Roteiros homiléticos

2 de novembro – DIA DOS FIÉIS DEFUNTOS

Por Celso Loraschi

Saudade, esperança, compromisso

I. Introdução geral

A Igreja celebra o dia dos Fiéis Defuntos ou dia de Finados imediatamente após o dia de Todos os Santos. Ambas as celebrações estão intimamente ligadas, uma vez que fazemos a memória dos que já se encontram na pátria celeste. Veneramos os santos reconhecidos oficialmente pela Igreja e pedimos a sua intercessão. No entanto, todos os que estão junto de Deus são também santos. Muitos deles foram nossos parentes, amigos ou conhecidos. Lembramo-nos deles e também de todas as pessoas que faleceram. Desde os primeiros séculos, os cristãos rezam pelos falecidos, visitando os túmulos dos mártires e recordando seus testemunhos de fé e amor. A partir do século V, a Igreja dedica um dia do ano para rezar por todas as pessoas falecidas, também por aquelas que ninguém lembra. É um dia que evoca saudade, esperança e compromisso. Saudade daqueles que partiram e marcaram, de uma maneira ou de outra, a vida de todos nós que ainda peregrinamos neste mundo. Esperança porque nos foi revelado que a morte não tem a última palavra, é passagem para a vida em plenitude. Compromisso porque queremos que nosso tempo histórico seja vivido de acordo com o que nos exorta a palavra de Deus. Como Jó, depositamos nossa confiança naquele que é o defensor da vida (I leitura). Renovamos nossa convicção de que “a esperança não decepciona”, como afirma Paulo em sua carta aos Romanos (II leitura). E nos consolamos, agradecidos, com a declaração de Jesus: “Esta é a vontade daquele que me enviou: que eu não deixe perecer nenhum daqueles que me deu, mas que os ressuscite no último dia”.

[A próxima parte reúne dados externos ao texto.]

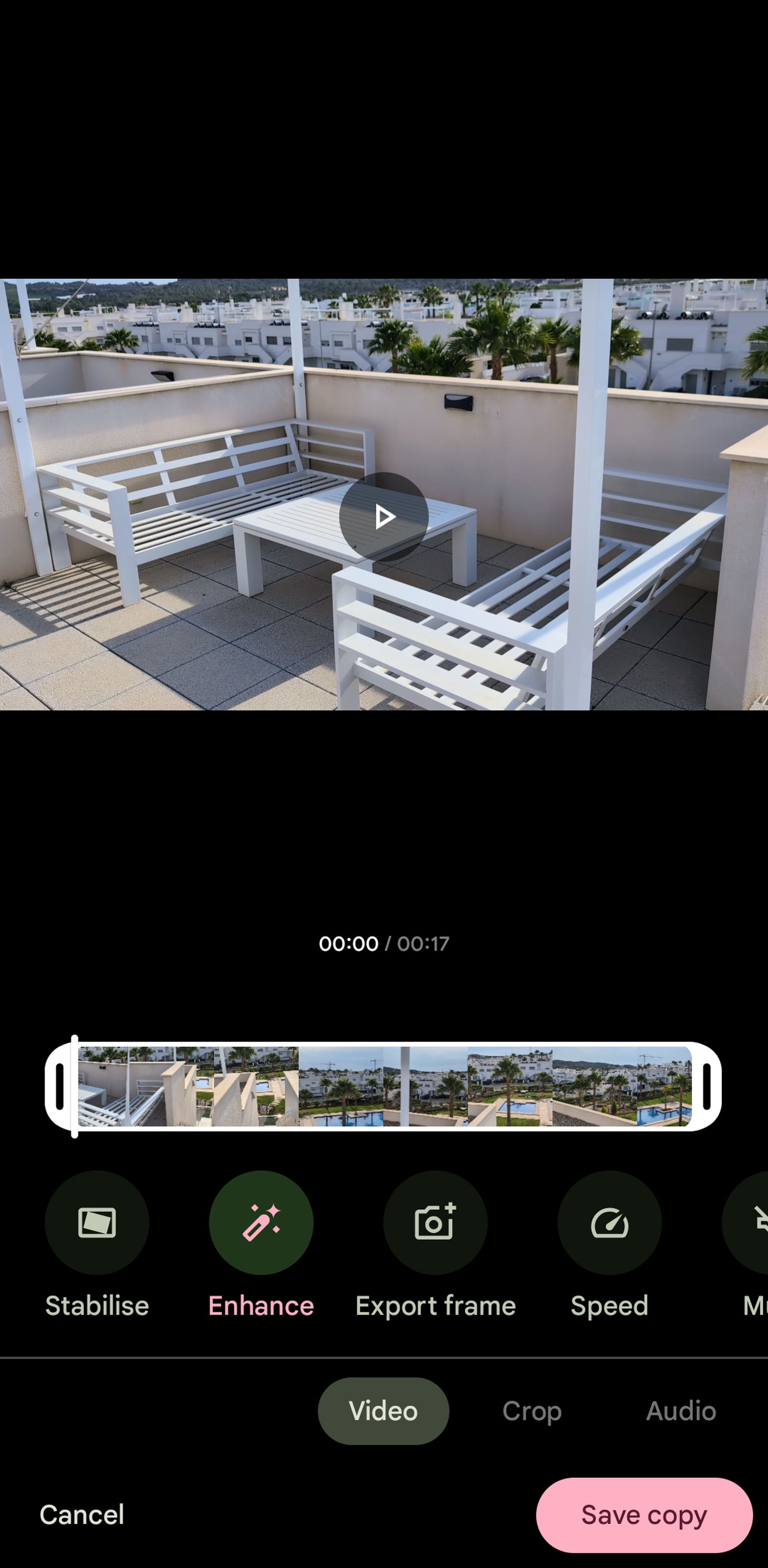 Google Photos screen with photo on top and auto-enhancement icon highlighted on bottom.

II.  Comentário dos textos bíblicos 1. I leitura (Jó 19,1.23-27a): Eu o verei com os meus próprios olhos

O livro de Jó faz parte da literatura sapiencial. Foi escrito, em sua maior parte, no período pós-exílico, por volta do ano 400 a.C. Reflete sobre a questão do sofrimento das pessoas justas, retratadas na figura de Jó. Em situação calamitosa, abandonado por todos, Jó recebe a visita de três “amigos”. Em vez de manifestar solidariedade a Jó, procuram convencê-lo de que o sofrimento se deve aos pecados que certamente cometera. Eles representam o pensamento teológico dominante: a conhecida “teologia da retribuição”, segundo a qual Deus retribui o bem com o bem e o mal com o mal. Podemos imaginar as consequências dessa teologia na vida das pessoas empobrecidas, abandonadas, doentes... O sistema religioso oficial as considerava pecadoras ou impuras e, portanto, indignas da salvação divina.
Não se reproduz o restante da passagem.